If I have the following problem:
Vertices: (1,5),(1,-3) and c=3
With the given vertices I know that h=1
I first try to solve for k to finish solving for my center. To this I can use the following format:
(h,k+-a) or (h,k+-b)
If I do not know whether the given vertices are from a major/minor axis, so how do I know whether I should substitute for a or b when solving for k?
In any ellipse, by definition, the minor and major axis have the center of the ellipse as their midpoint. Recalling that the midpoint between $2$ points $(x_1,y_1)$ and $(x_2,y_2)$ is given by $$ \left(\frac{x_1 +x_2}{2},\frac{y_1 +y_2}{2}\right) $$ we see that the center of the ellipse has to be at $$ C = \left(\frac{1+1}{2}, \frac{5 -3}{2}\right) = (1,1) $$ So, the equation of our ellipse has the form $$ \frac{(x-1)^2}{a^2} + \frac{(y-1)^2}{b^2} = 1 \tag{1} $$ We'll also note that the distance between the 2 vertices given is $$ d\left[(1,-3),(1,5)\right] = \sqrt{(1-1)^2 + (5-(-3))^2} = 8 $$ Now, to find out if these vertices correspond to the major or minor axis, we recall that, since the vertices need to be on the ellipse, they need to satisfy equation $(1)$ is we plug them in. Choosing one of the vertices, let's say $(1,5)$, by substituting in $(1)$ we get \begin{align} &\frac{(1-1)^2}{a^2} + \frac{(5-1)^2}{b^2} = 1\\ \implies&\frac{4^2}{b^2} = 1 \\ \implies &b = 4 \tag{2} \end{align} And recalling the relation $$ c^2 = a^2 - b^2 $$ we can find the value of $a$ to be \begin{align} a &= \sqrt{c^2 + b^2}\\ &\overset{\color{blue}{(2)}}{=}\sqrt{c^2 + 16}\\ &= \sqrt{9 + 16}\\ & = 5 \end{align} From here we get that the major axis has to have length $2a = 2(5) = 10$ and the minor axis has lenght $2b = 2(4) = 8$. So since the distance between our vertices is $8$, it has to be the case that they correpond to vertices on the minor axis.

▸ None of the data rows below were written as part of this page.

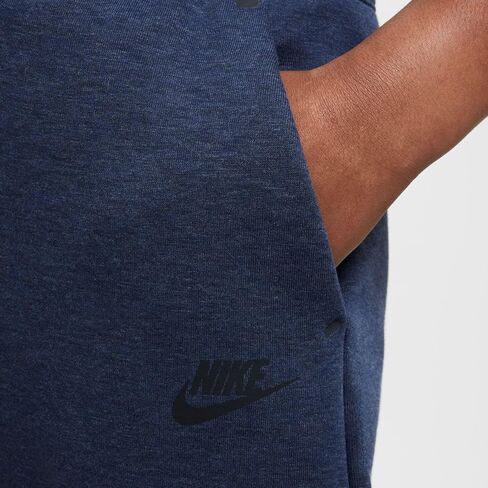Nike Sportswear Tech Fleece Big Kids' Joggers (HV5869-473, Obsidian Heather/Black/Black) Size X-Large in Saudi Arabia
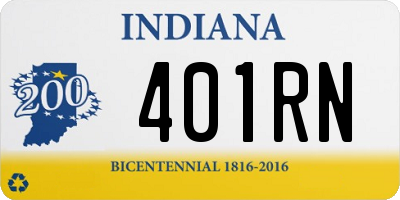 IN license plate 401RN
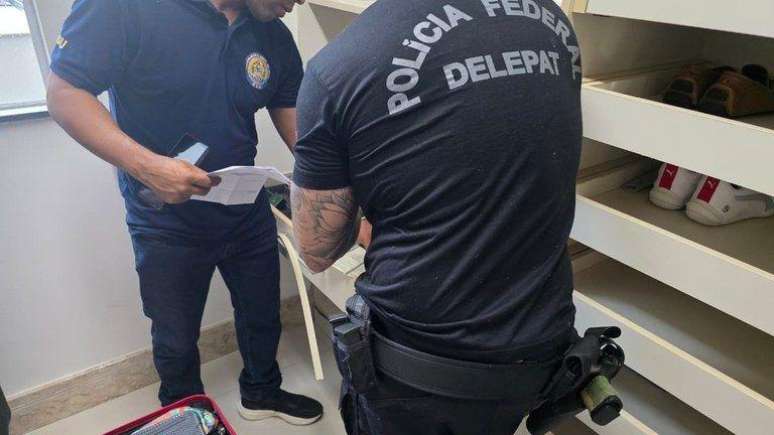 Imagem divulgada pela Pol&iacute;cia Federal na nova fase da Opera&ccedil;&atilde;o Sem Desconto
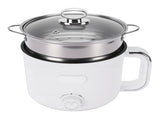 Electric Hot Pot Stainless Steel Multifunctional Electric Cooker with Steam Basket for Dorm Home V1294-YM0901-3113260011711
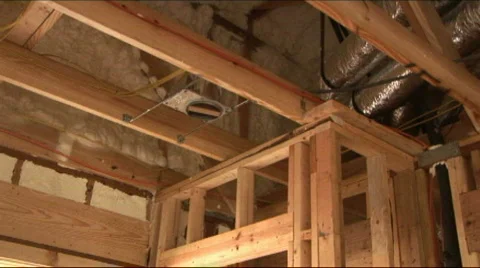 Foam ceiling 10 Stock Footage 589326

Another way of looking at it is as follows. If we just guess that the vertices correspond to the major axis, recalling that the distance between them is $8$ we see that from this assumption we get $a = \frac{8}{2} = 4$. But using the relation $c^2 = a^2 -b^2$ we get that $b$ has length $$ b = \sqrt{a^2 -c^2} = \sqrt{4^2 - 3^2} = \sqrt{7} $$ And since we now know both $a$ and $b$, we see by equation $(1)$ that the equation of this assumed ellipse is given by $$ \frac{(x-1)^2}{4^2} + \frac{(y-1)^2}{\sqrt{7}^2} = 1 $$ However, if we plug in one of the vertices (let's say $(1,5)$) into the equation above we get that \begin{align} &\frac{(1-1)^2}{4^2} + \frac{(5-1)^2}{\sqrt{7}^2} = 1 \\ \implies & \frac{4^2}{7} = 1 \\ \implies & 16 = 7 \end{align} since this is clearly a contradiction, the conclusion is that the point $(1,5)$ is not on the ellipse! But this is a problem, since by it being a vertex it needs to be on the ellipse. Hence the solution where the points correspond to the major axis is impossible.

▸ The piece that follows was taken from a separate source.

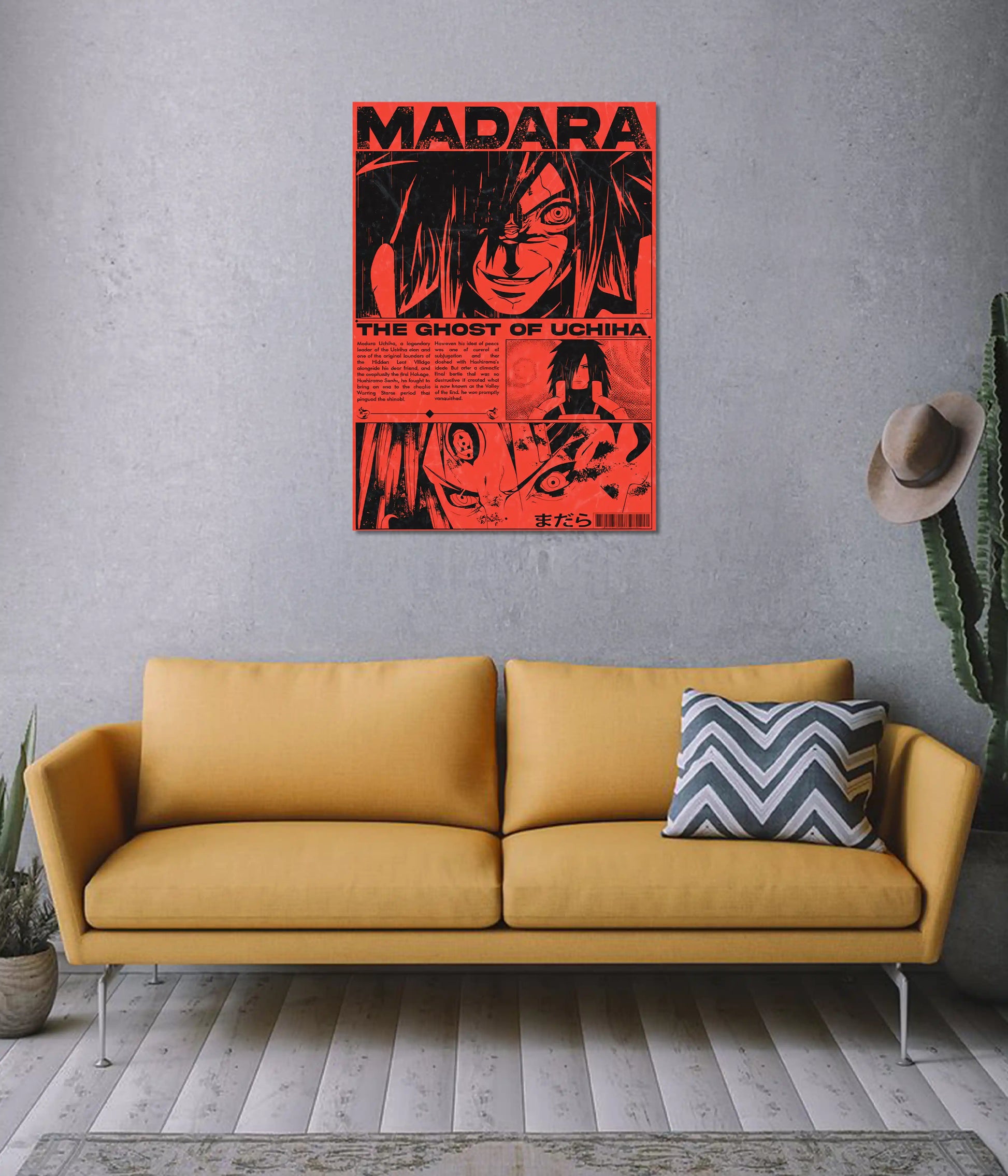 Madara Uchiha “Ghost of Uchiha” Anime Poster on Wall - Everanta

In conclusion, the condition that $c=3$ forces the vertices to be of the minor axis, and if we were to assume that they correspond to a major axis, we would get an impossible solution. We can visually verify this by plotting the 2 equations we get from assuming each case
where the green ellipse is given by the equation $$ \frac{\left(x-1\right)^{2}}{5^{2}}+\frac{\left(y-1\right)^{2}}{4^{2}}=1 $$ and the red one is given by $$ \frac{\left(x-1\right)^{2}}{4^{2}}+\frac{\left(y-1\right)^{2}}{\sqrt{7}^2}=1 $$ both of them satisfy that $c=3$, that their center is at $(1,1)$ and that one of their axis has length $8$, but only one of the 2 solutions passes through the vertices we're given.